◆ Task instructions: Retype, word for word, the lines from the first line of the entries through the line that holds "QuickStats 3 Purpose"; leave out the pictures.

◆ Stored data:
* * * * * * *

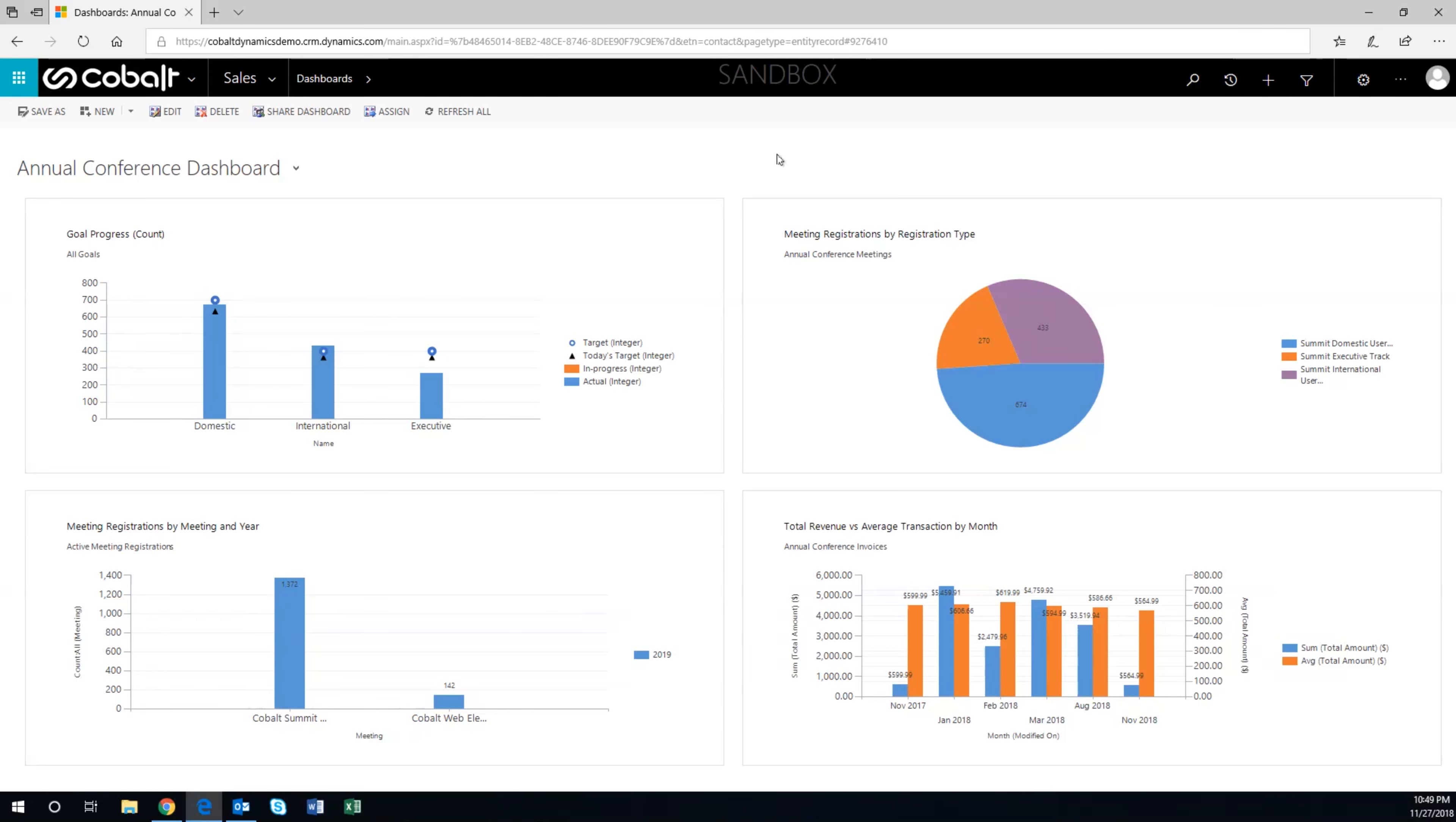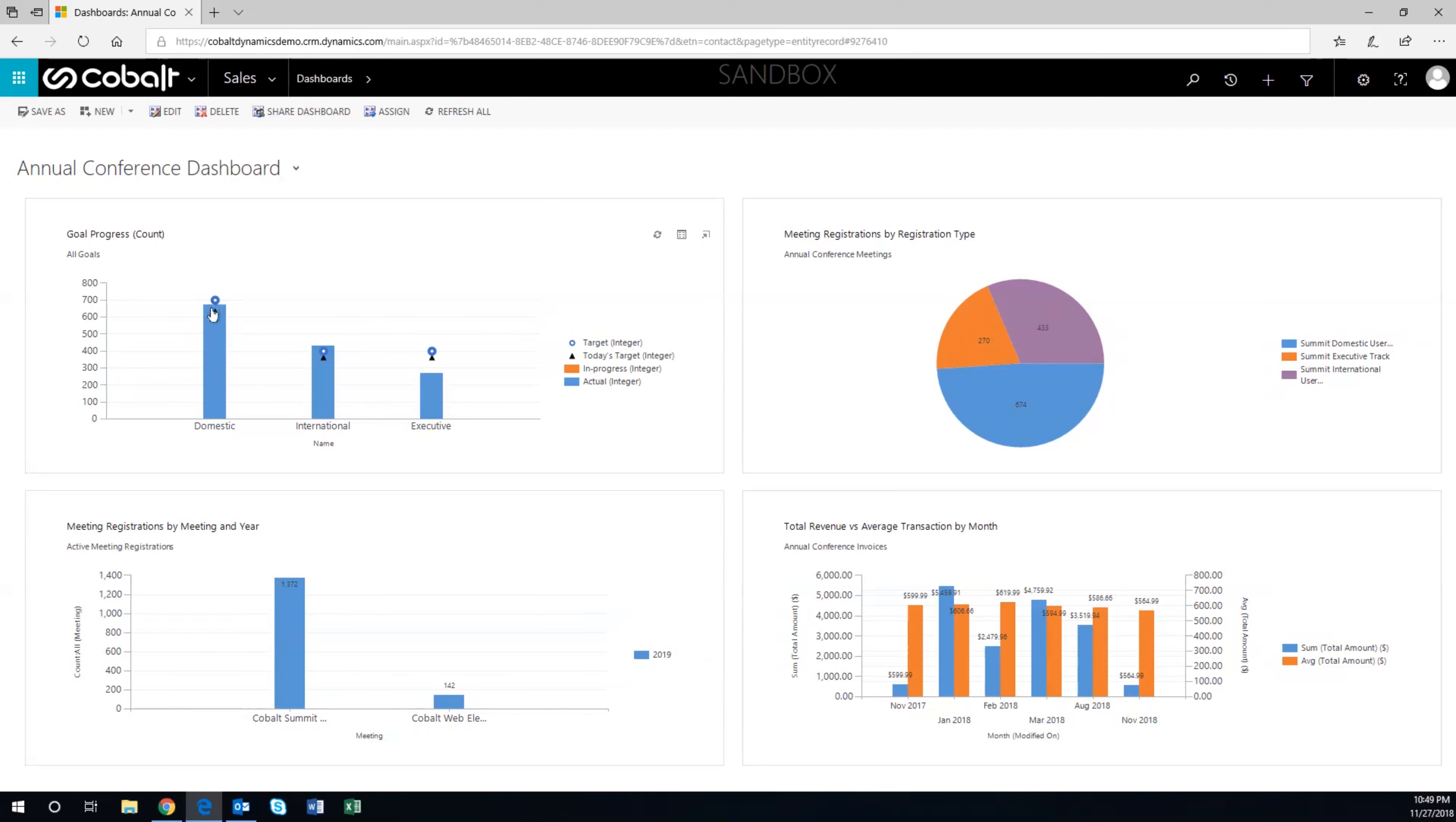A significant source of revenue for the Cobalt Association is the annual conference. Here, front and center, are department goals for the conference registrations. Not only can Chris see where they are against each goal, but he can see where they are against where they should be today. He can evaluate if they're on pace.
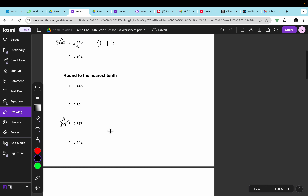Moving on, it says round to the nearest 10th. The 2 is in the 1s place, and then we move once so the 3 is in the 10th place. We look at the number afterward and it's 5 or greater, which means the number will go up. So the decimal is 2.4.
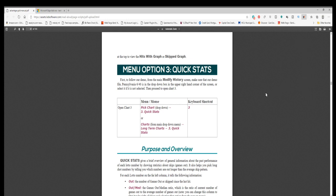QuickStats 3 Purpose and Overview. QuickStats gives a brief overview of general information about the past performance of each lotto number by showing statistics about skips, games out. It also helps you pick long shot numbers by telling you which numbers are out longer than the average skip pattern.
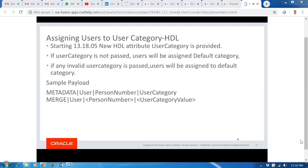You can leverage the Default Category to bucket your largest population of users so you don't have to assign those users to a different User Category. This is a sample HDL payload showing the user.dat format with the new User Category attribute — the value is the string name you created using Security Console. Both in SCIM and HDL, you create the category in Security Console and assign using your existing tools. We have provided bulk interfaces in SCIM and HDL, and for day-to-day operations on a few users, you can use Security Console directly.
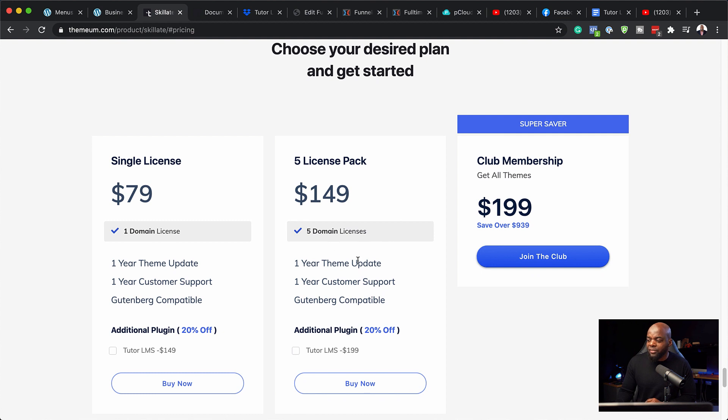$149 for five domains. So if you haven't bought a theme yet for your online course website, I highly recommend that you go ahead and purchase one of these because it's an all-in-one pack. It has all your designs ready for you. It's mobile friendly and you can get up and running really fast.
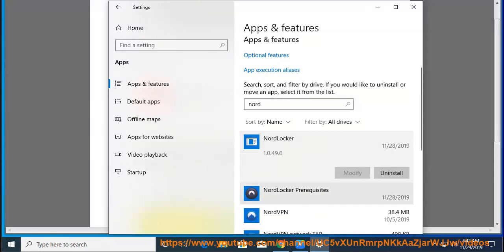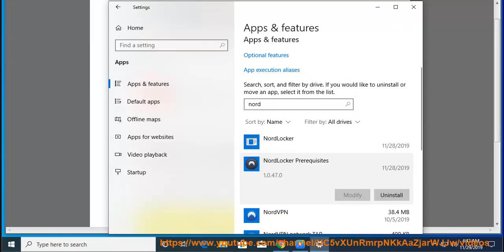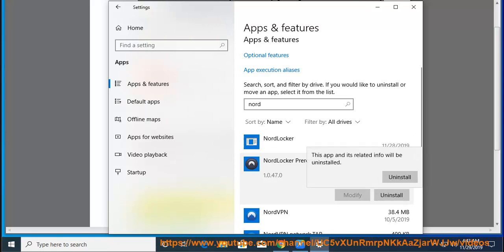Step 4: Install NordLocker application. Here is a direct link at http://bit.ly/2l4u bar.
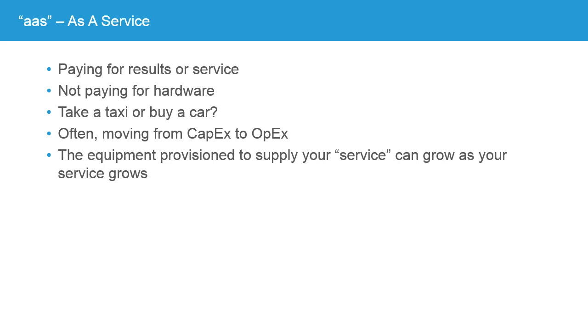Thus, one of the advantages of as a service in many organizations is moving the cost from a capital expenditure to an operational expenditure. And depending on the structure of your business, that may be easier to budget for or may be more palatable to your organization. But the biggest advantage is that the equipment provision to supply your service can grow as your service grows. Going back to our taxi example, if you have more and more people that need to get from one place to another, you can call the taxi company and say, send a larger car, send a limo, or send an entire bus. Once you have a purchased vehicle, you, of course, have a lot more at stake when you look at upgrading that vehicle to a larger capacity. So this is one area where our little analogy holds true.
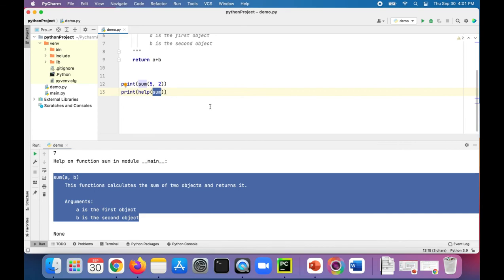And that's pretty much it. It's pretty simple and straightforward to create documentation in Python and view the documentation.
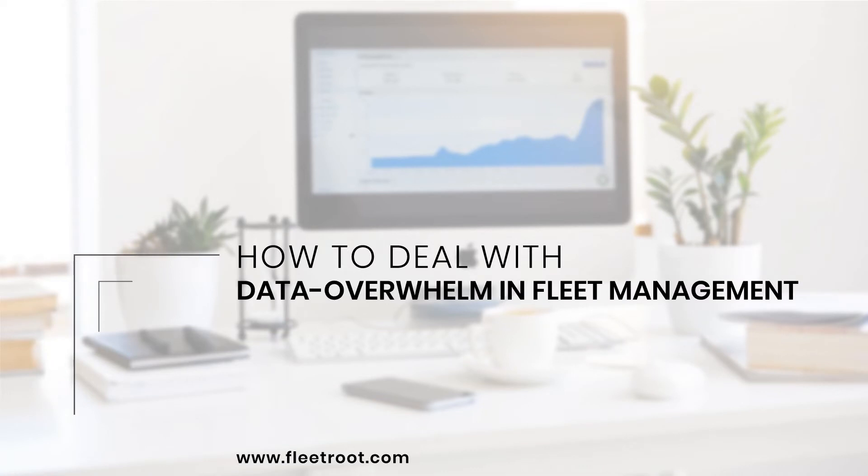Hello friends! Today you are going to learn how to deal with data overwhelm in fleet management.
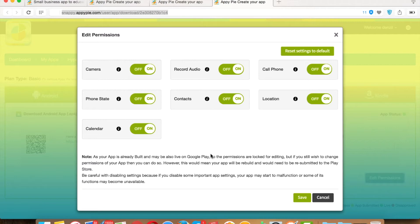For example, if you were accessing the permission section from Publish App and Test App simultaneously, and you set Camera Permission to Off from the Test App section and save it, then in the Publish App section you keep Camera Permission to On and save it — then it will only consider the last saved setting.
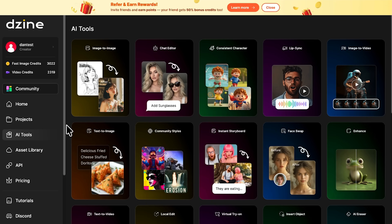This is where things really start to get interesting. The AI tool section is packed — you've got everything from text to image and image to video, to face swap and of course, lip sync. Each tool opens in a clean workspace with simple controls, so you can jump in and start creating without getting lost in menus.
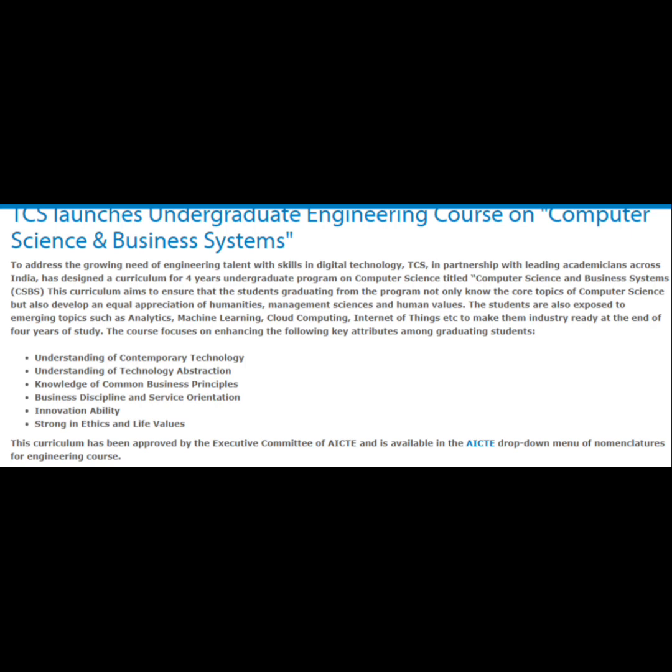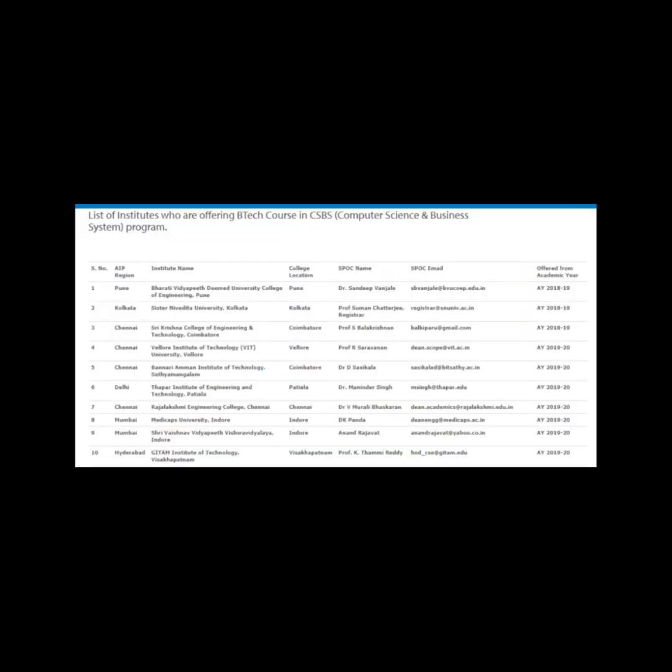List of institutes offering the CSBS computer science and business systems program: 1. Baroda University College of Engineering, Pune. 2. Sister Nivedita University, Kolkata. 3. Sri Krishna College of Engineering and Technology, Coimbatore. 4. Vellore Institute of Technology, VIT University, Vellore. 5. Bannari Amman Institute of Technology, Sathyamangalam, Coimbatore. 6. Alagappa Institute of Engineering and Technology, Petyala. 7. Rajalakshmi Engineering College, Chennai. 8. Medi-Caps University, Indore. 9. Shri Vaishnav Vidyapeeth Vishwavidyalaya, Indore. 10. GITAM Institute of Technology.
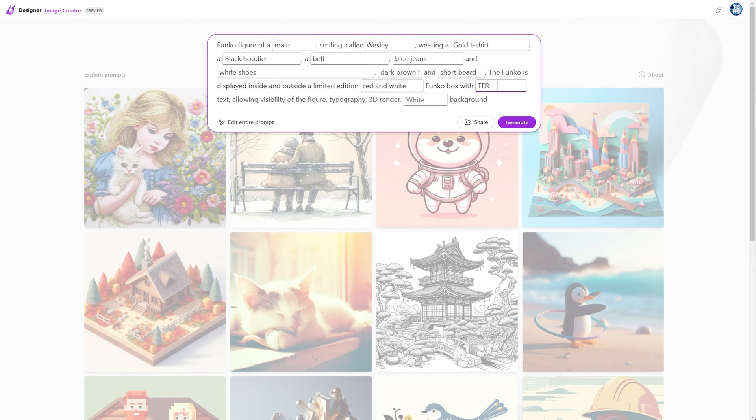So, for example, in my case, it'll be Trouble, Shoot, and at the very end, a background column. So, I'll leave it as just white.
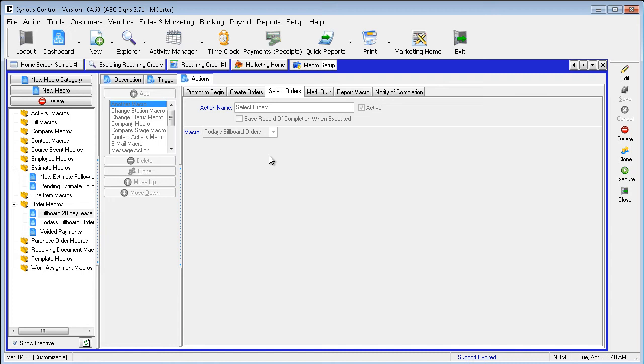Each query runs in its own macro, which then can be followed by this or another procedure. The macro field on the Select Orders tab displays the name of the macro it will call. Ours is titled, Today's Billboard Orders.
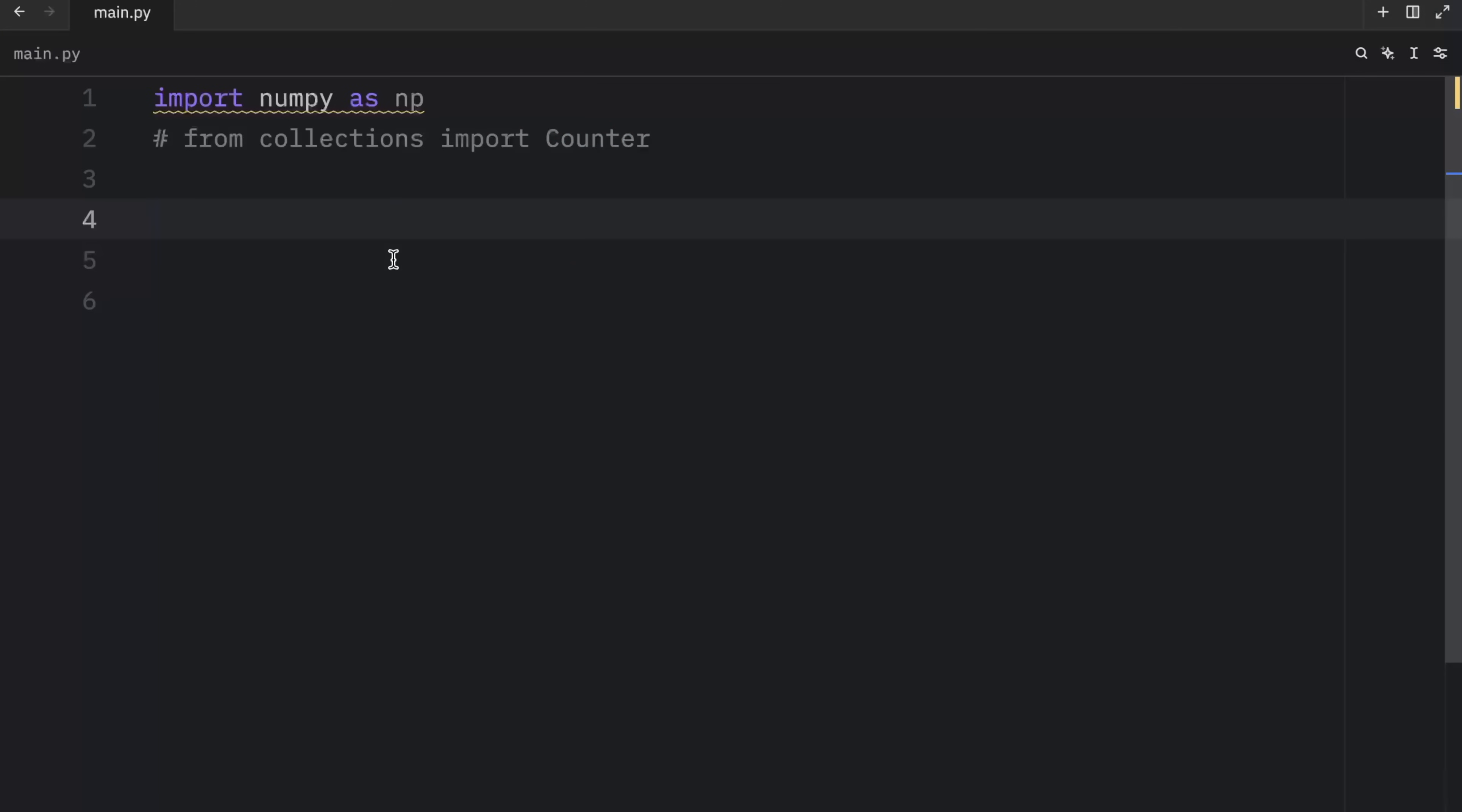Moving on to feature number two, masking. Masking is a feature that allows us to hide or mask values based on a certain condition. Imagine you have an array of values, but you only care about values that are greater than five. Well, we can create a mask for that.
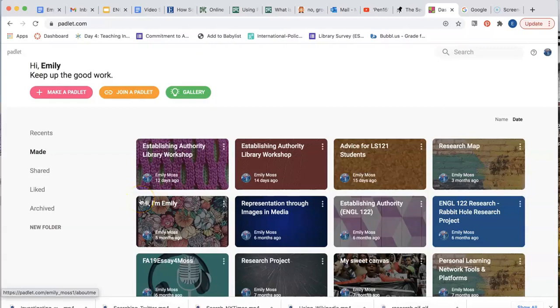Making an original Padlet. After you've set up your Padlet account, you're ready to make your first Padlet.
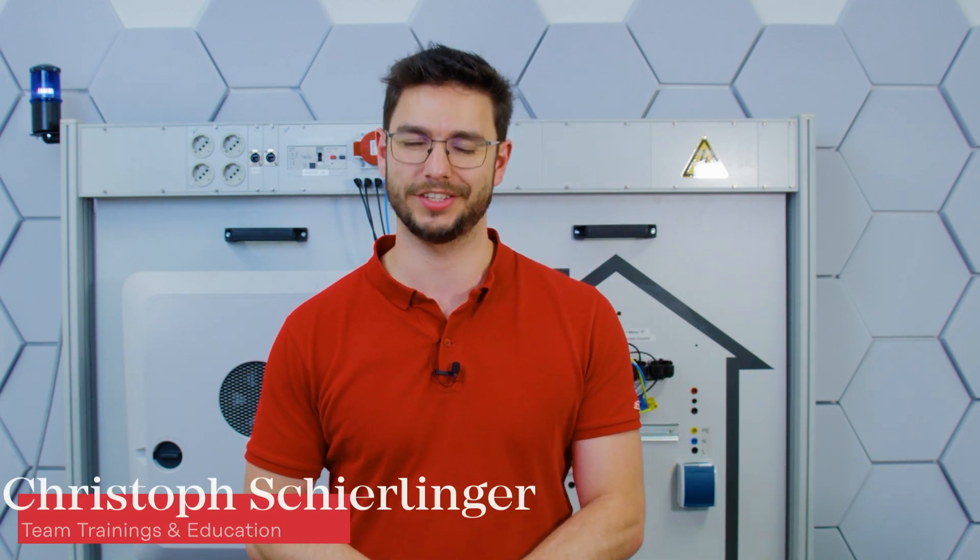Hello and welcome to another how-to video here from Fronius International. Today I want to showcase the correct inverter dimensioning that you can do in our SolarCreator tool.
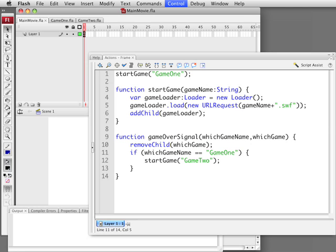So a lot of different things you could do using loaders like this to combine games into one. This has been Gary Rosenzweig with FlashGameU at FlashGameU.com. If you are watching this at another site such as YouTube, you may want to consider going to FlashGameU.com to see a higher resolution version of this tutorial and other tutorials so that you might be able to make out the scripts a little bit better. Thanks a lot. Bye.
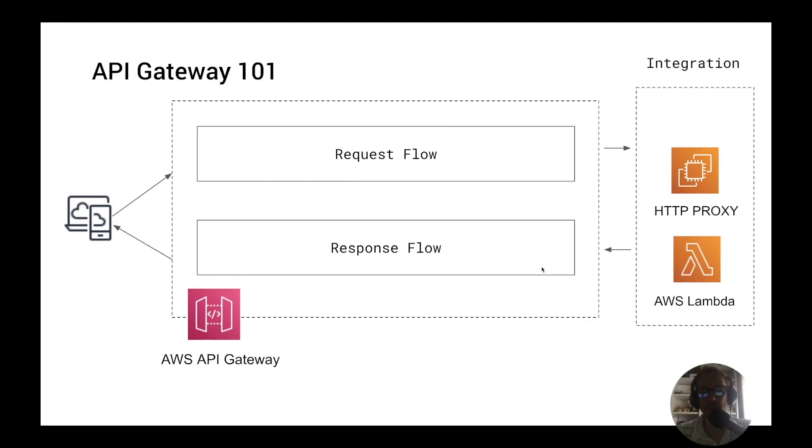Hello and welcome to another video about the API Gateway. In this video we'll explain in more details the request flow of the API Gateway and I will show you how to authorize requests coming into the API Gateway.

* * * * * * *

◆ Finished exercise:
A significant source of revenue for the Cobalt Association is the annual conference. Here, front and center, are department goals for the conference registrations. Not only can Chris see where they are against each goal, but he can see where they are against where they should be today. He can evaluate if they're on pace.
Moving on, it says round to the nearest 10th. The 2 is in the 1s place, and then we move once so the 3 is in the 10th place. We look at the number afterward and it's 5 or greater, which means the number will go up. So the decimal is 2.4.
QuickStats 3 Purpose and Overview. QuickStats gives a brief overview of general information about the past performance of each lotto number by showing statistics about skips, games out. It also helps you pick long shot numbers by telling you which numbers are out longer than the average skip pattern.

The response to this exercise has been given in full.